Mais ne nous attardons pas sur ces chiffres. Quand bien même ils seraient exagérés ou gonflés : une seule victime est déjà de trop, surtout quand l’auteur du crime est le prêtre, image du Christ. L’horreur réside dans les actes eux-mêmes, et l’aveuglement, la négligence, le silence coupable de tous ceux qui ont laissé faire. Dans le long catalogue des souffrances et des fautes, l’indifférence aux victimes est peut-être le plus choquant de tout.
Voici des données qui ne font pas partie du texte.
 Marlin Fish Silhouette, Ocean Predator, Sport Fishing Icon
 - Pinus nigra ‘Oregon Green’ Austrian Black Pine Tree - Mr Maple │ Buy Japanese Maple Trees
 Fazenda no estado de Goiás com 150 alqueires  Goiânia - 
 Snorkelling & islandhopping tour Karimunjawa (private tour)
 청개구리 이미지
La question « à qui la faute » va résonner, et pour longtemps. L’après-rapport Sauvé va apporter un cortège de problèmes peut-être aussi lourds que ceux qu’il souhaite mettre en lumière. Se pressent au portillon tous ceux qui croient avoir trouvé la solution pour régler le problème par un coup de baguette magique, tous ceux qui veulent jeter aux orties l’institution ecclésiale dans son ensemble en en faisant le réceptacle de toutes les pires perversions, tous ceux qui se réjouissent de tenir enfin la preuve tangible et « objective » de la culpabilité intrinsèque de l’Eglise, une construction humaine destinée à faire le malheur des hommes. Les solutions les plus éculées ressurgissent : supprimer le secret de la confession, marier les prêtres. Faut-il répondre à ces inepties ? Oui, en quelques mots à marteler pour les sceptiques. L’ordre de la confession n’est pas d’être un auxiliaire de la justice des hommes et son secret est un absolu. Le mariage des prêtres n’est pas une solution, et témoigne d’une bien piètre vision de ce qu’est le mariage s’il ne doit être qu’un outil de prévention des déviances, d’autant que l’essentiel des abus sexuels sont aujourd’hui commis dans le cercle familial.
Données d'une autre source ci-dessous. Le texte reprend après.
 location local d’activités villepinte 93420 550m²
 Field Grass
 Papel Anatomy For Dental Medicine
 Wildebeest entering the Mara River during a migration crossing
Pour finir, un point nous a frappé à la lecture de ce rapport indépendant, et réside dans les mots employés. Une dévalorisation du terme de « péché » quand il est convoqué, et de celui de chasteté. Il n’y a point là de hasard. La chasteté est presque systématiquement présentée comme un synonyme de frustration sexuelle assumée par l’Eglise. Depuis trop d’années, la notion de péché mortel est en voie de disparition. Or y a des « fautes » qui tuent le corps comme l’âme, de soi-même et d’autrui. Le pardon de Dieu est incommensurable, mais il nécessite le repentir et la réparation, et s’accompagne de peines dans ce monde et dans l’autre. La tentation du « paradis pour tous » tend à faire oublier cette vérité essentielle, ce qui brouille toujours plus les limites du bien et du mal. La passivité, la tiédeur ne peuvent être de mise : les sanctions et la mise en lumière crue du mal doivent être exemplaires. Nous formons le vœu que la conscience aiguisée de la grave faillibilité des fils de l’Eglise nous aide plus que jamais à réaffirmer l’éminente sainteté de l’Eglise, épouse du Christ.